Em Estação Carandiru, o médico Dráuzio Varela relata o que viu durante o período em que realizou um trabalho voluntário de prevenção da AIDS no Complexo Penitenciário do Carandiru, em São Paulo. Mostra como o presídio se tornou um mundo à parte da sociedade, com leis criadas pelos próprios detentos e que devem ser seguidas à risca, sob pena de espancamento e até morte.

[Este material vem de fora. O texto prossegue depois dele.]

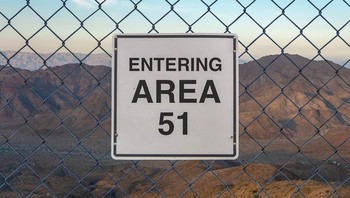 Area 51, Nevada, AS. Ini adalah sebuah daerah terisolasi di bagian selatan Nevada, yang dimiliki oleh pemerintah AS, digunakan sebagai pusat pembangunan rahasia dan percobaan pesawat-pesawat tempur generasi baru. Area ini diyakini menyimpan rahasia tentang UFO dan alien. Foto: Times of India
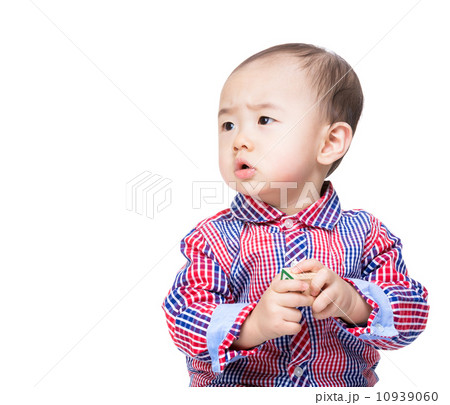 Asia little boy play with toy block 10939060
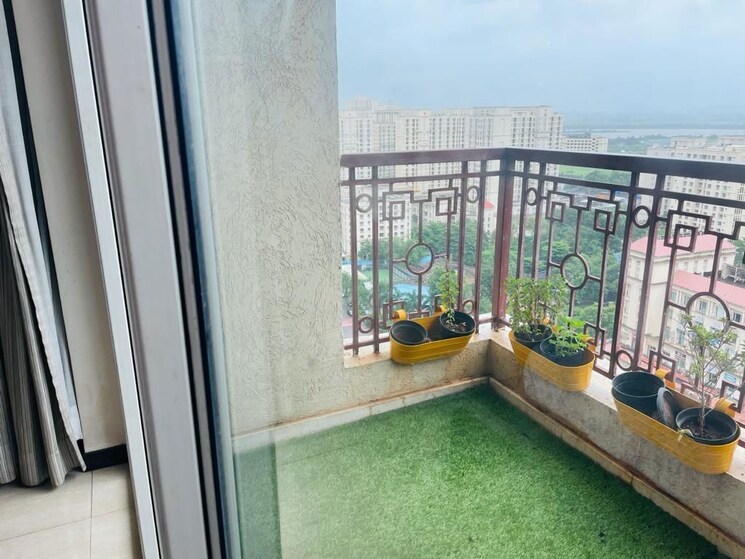 Balcony, hiranandani-tribeca 3 Bedroom 1350 Sq.Ft. Apartment In Ghodbunder Road Thane 9958643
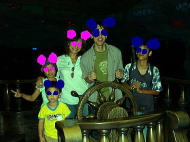 �L���v�e���E�p�p�Ǝ艺�S�l�i�΁j
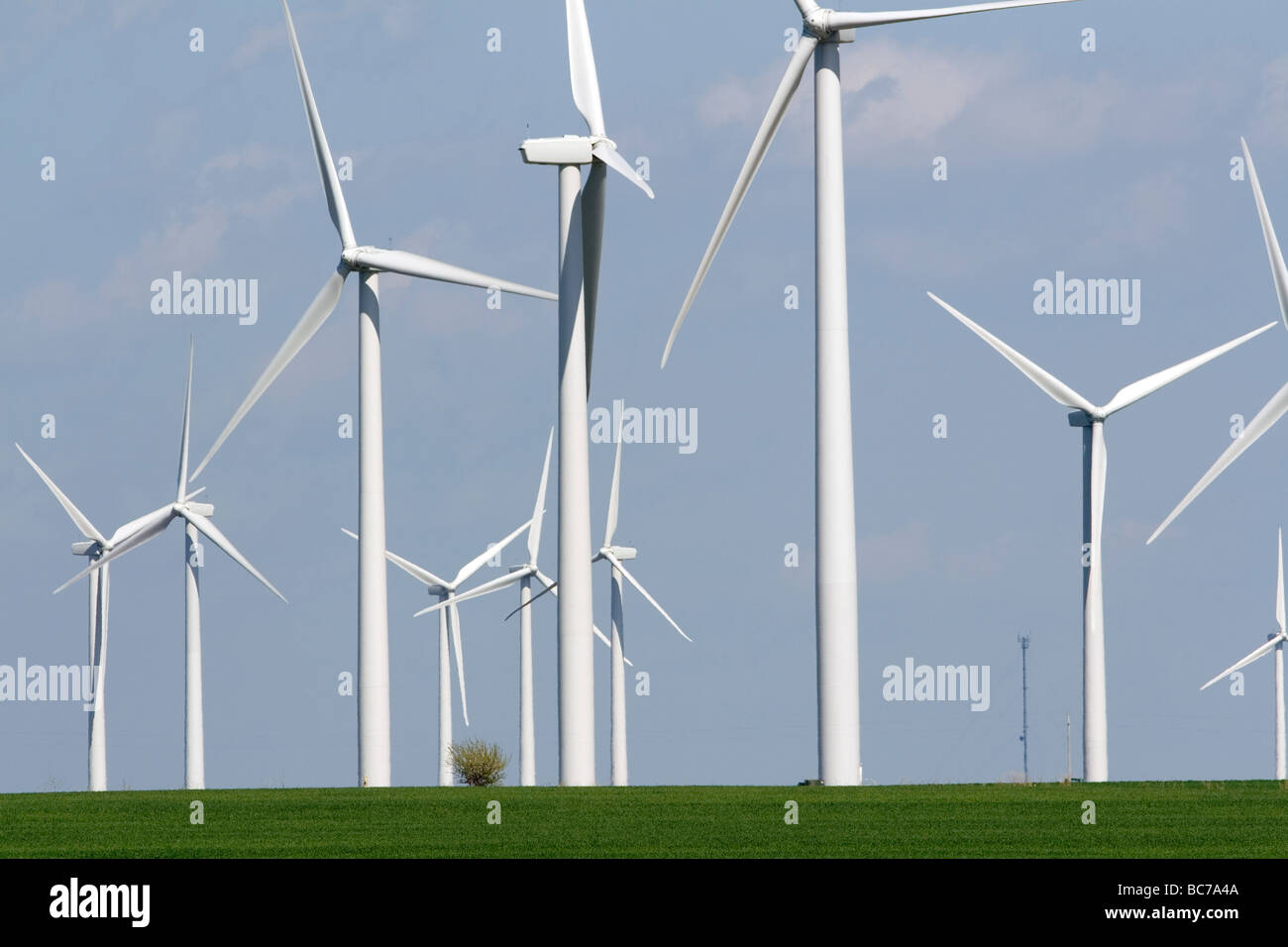 Le turbine eoliche di Smoky Hills Wind Farm in Ellsworth County Kansas USA Foto Stock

Referindo-se `a sua atividade de médico infectologista, o Dr. Dráuzio e sua equipe entrevistaram e colheram amostras de sangue de 2492 detentos e constataram que 17,3% dos presos da casa de detenção estavam infectados pelo vírus HIV. Os fatores de risco eram: uso da cocaína de parceiros sexuais. Dos 82 travestis presos na casa de detenção, 78% eram portadores do vírus.
Cada pavilhão tem sua clientela própria. O critério da distribuição obedece às regras básicas. Exemplo: art. 213 – estupro – é encaminhado para o pavilhão cinco; reincidentes, no oito; primários, nove. Os raríssimos universitários vão morar nas celas individuais do pavilhão quatro. Este poderia ser o mais privilegiado. Contém menos de quatrocentos presos. Deveria abrigar, além dos universitários, o Departamento de Saúde e Enfermaria. Mas, por necessidade de proteção aos marcados para morrer, a direção se viu obrigada a criar um setor especial, no térreo, denominado “Masmorra”, de segurança máxima.
A partir dos anos 80, foi aceita a prática das visitas íntimas com mulheres de maioridade comprovada, previamente registradas com identificação e foto. Cada detento tem direito a inscrever uma única mulher. Não há exigência de laços legais, podendo ser esposa, amásia, ou namorada. O ambiente é de muito respeito. Quando um casal passa, todos abaixam a cabeça. Não basta desviar o olhar, é preciso curvar o pescoço. Ninguém ousa desobedecer esta regra, seja ela a esposa, a noiva ou uma prostituta.
O autor descreve a divisão dos presos pelos nove pavilhões, cada um com cinco andares: 
Também para o pavilhão quatro são encaminhados, por questão de segurança, os estupradores, os justiceiros contratados por comerciantes para matar ladrões nos bairros comercias. Ali, os praticantes desses delitos têm mais chance de escapar da ira coletiva ( linchamento).
     cada pavilhão comporta um tipo de preso. Dráuzio Varella reuniu cerca de sessenta pequenas histórias sobre a vida daqueles que cumpriam pena no Carandiru. Talvez sem ter noção exata da importância do que estava fazendo, Drauzio escreveu um livro fundamental, leitura obrigatória para quem quer conhecer o exato significado da marginalização social.
Fala das regras que eles mesmos se impuseram, dos códigos de comportamento. Conta como alguns presos são trancafiados em celas para doentes mentais sem que lá exista um psiquiatra competente para fazer tal diagnóstico. Mostra a influência da religião no local e de como é numeroso o grupo dos evangélicos, facilmente reconhecíveis pelas roupas de mangas compridas, sempre abotoadas até a gola e pelas Bíblias desbotadas embaixo do braço.
A pregação dos pastores evangélicos, que apontam os caminhos do céu pelo conhecimento da Bíblia e de uma divisão clara entre o bem e o mal, obtém sucesso e acolhe muitos seguidores. Destaca-se na casa o grupo coeso da Assembléia de Deus que congrega cerca de mil fiéis. Todavia há entre eles, aqueles que as vezes fingem se converter para contar com a proteção do grupo religioso e tirar proveito próprio. Como usam as mesmas roupas, carregam a Bíblia e repetem o nome do Senhor a cada frase, é difícil distingui-los dos crentes de verdade.
Não deixa de falar, é claro, do episódio conhecido como o Massacre do Carandiru, ocorrido em outubro de 1992. Para deter uma rebelião no presídio, a polícia invadiu o local com cães, metralhadoras e escopetas, matando mais de 100 detentos. O então governador do estado, Fleury Filho, definiu a ação como uma operação policial para conter uma briga de quadrilhas.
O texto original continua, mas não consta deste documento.